Django doesn't always make it easy to separate ORM, templating and business logic. For this reason, these guidelines aren't conducive to django templates, and would prefer a reactive frontend framework.
An example of a django app structure is something like this
app ├── urls - Presentation layer ├── views - Presentation layer ├── service - Orchestration layer ├── types - Domain models ├── logic - Domain layer ├── db - Data layer ├── models - Data models ├── api - Data layer └── api_types - Data models
It's encouraged to split out into other django apps if "vertical slices" appear
app.types would contain the classes to contain your logic for the domain layer. Dataclasses work well, but
TypedDict or just regular python classes work well too.
app.api_types is for types which will be sent to or from api calls. This isn't necessary, but It's nice to define what these are, rather than guessing at whatever point in code the data is extracted, running a higher risk of ~KeyError~s. An added bonus is you could link to documentation in the code as a reference. To reiterate, this may be completely unnecessary if you're only calling a couple trivial apis, so do what makes sense for your project here.
app.api defines methods to make api calls. Most of the time these methods should accept either basic values or domain models, and be responsible for mapping to
app.api_types. The reason being that if
app.api_types isn't responsible for controlling the protocol, some other module is, which means they're coupled.
app.db is similar to
app.api in that it should usually accept simple values or domain models, then return domain models. There's nothing wrong with returning ORM models from these methods, as long as they're only used in the orchestration layer and don't make their way into other data or business logic.
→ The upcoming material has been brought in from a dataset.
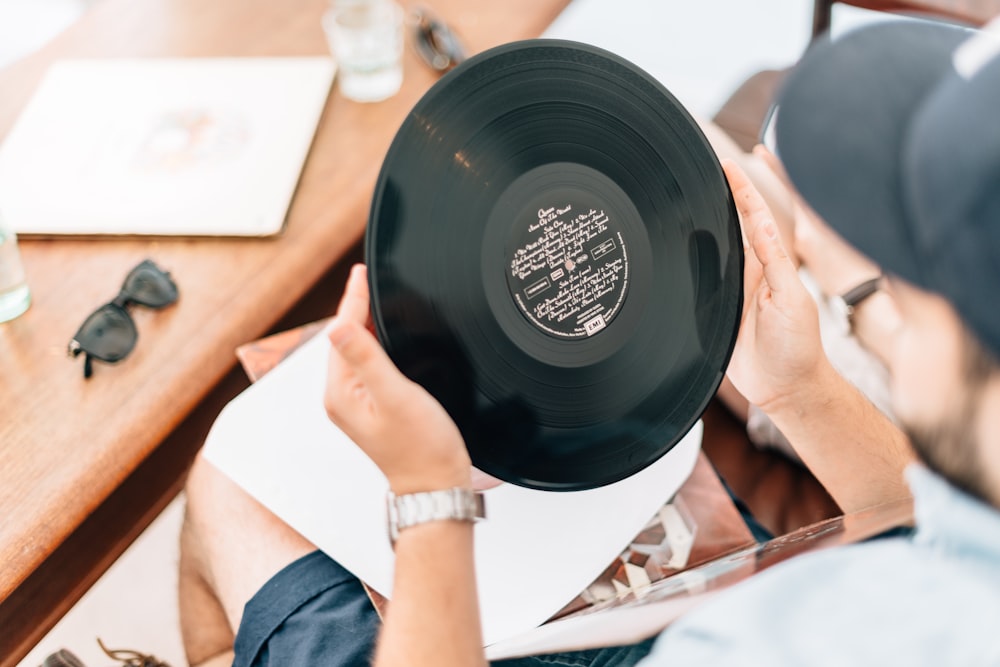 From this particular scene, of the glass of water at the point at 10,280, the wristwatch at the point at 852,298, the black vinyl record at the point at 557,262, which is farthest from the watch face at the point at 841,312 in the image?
the glass of water at the point at 10,280

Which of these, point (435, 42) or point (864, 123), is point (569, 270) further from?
point (435, 42)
app.logic can really be named anything depending on the logic, and if there is any substantial logic there, it should be split into multiple modules and maybe apps. This represents the business logic, and it's a bit more strictly defined. It's similar to the last two data modules, except it must not incur any side effects.
app.service is the orchestration layer which ties everything together. This layer should be very small. It consumes methods in
app.logic to perform tasks or generate results.
app.urls is what's left, they're just the presentation layer which ties into
app.service (it can tie in directly to
app.db~/~app.models. for simple views, or DRF views, since DRF is handling the logic).
A quick note on Django Rest Framework. DRF works well for simple CRUD applications, but most of the time we're not building simple CRUD apps, and there's some nuance there. This should be identified early, and we should try to avoid turning our Serializers into mega classes that run all of the api/db and logic.